Eight runners were declared for the Irish Derby at the Curragh, setting up a 1 1/2-mile rematch between Ballydoyle stablemates Benvenuto Cellini and Christmas Day on Saturday, June 28. Ryan Moore stayed with Benvenuto Cellini, while Ronan Whelan kept the mount on Christmas Day, a split that underlined how Aidan O’Brien has framed the race inside his own yard as much as against the opposition.
The pairing carries the weight of their last meeting. Christmas Day arrived off a 2 3/4-length win in the Epsom Derby and has won four of his last five starts, with his third in the Group 2 Dante Stakes at York in May showing he was already close to the top of the Classic tree.

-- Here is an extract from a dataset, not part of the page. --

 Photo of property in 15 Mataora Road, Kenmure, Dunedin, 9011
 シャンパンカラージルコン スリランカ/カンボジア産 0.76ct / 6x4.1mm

Benvenuto Cellini, meanwhile, went to Epsom as the 3-1 favorite but finished 10th of 14 before being declared a non-runner after stewards found his near hind leg had caught on the shelf in the starting stall when the gates opened.

That episode still mattered on the betting side. Bets on Benvenuto Cellini were refunded, and winning bets on Christmas Day carried a Rule 4 deduction of 25p in the pound. Now the colt who lost his Derby chance on a technicality gets a direct shot at reversing the script, with the Curragh asking whether his Chester Vase win on May 6 was the start of a Classic climb or merely a footnote to a ruined Epsom afternoon.
O’Brien sent a deep bench after the race. Pierre Bonnard and Action, both Epsom runners, stood their ground, while Joseph O’Brien’s James J Braddock, third at Epsom beaten 5 1/4 lengths, and Donnacha O’Brien’s Shaihaan joined the line-up. Owen Burrows’ unbeaten Raaheeb, who won the Classic Trial at Sandown by 3 1/4 lengths and is a full brother to Baaeed and Hukum, also remained in. Richard Hannon’s Bunyola Bay completed the eight after landing the Irish Stallion Farms EBF Gowran Classic at Gowran Park in early June.
The broader stakes sit squarely with Aidan O’Brien, who was chasing a record-extending 18th Irish Derby and a fourth straight win in the race. After Lambourn completed the Epsom-Irish Derby double in 2025, beating stablemate Serious Contender by three-quarters of a length, Ballydoyle again reached the Curragh with the division’s biggest question inside its own ranks: whether Christmas Day could confirm Epsom, or whether Benvenuto Cellini would turn a troubled Derby into the season’s more lasting Classic form line.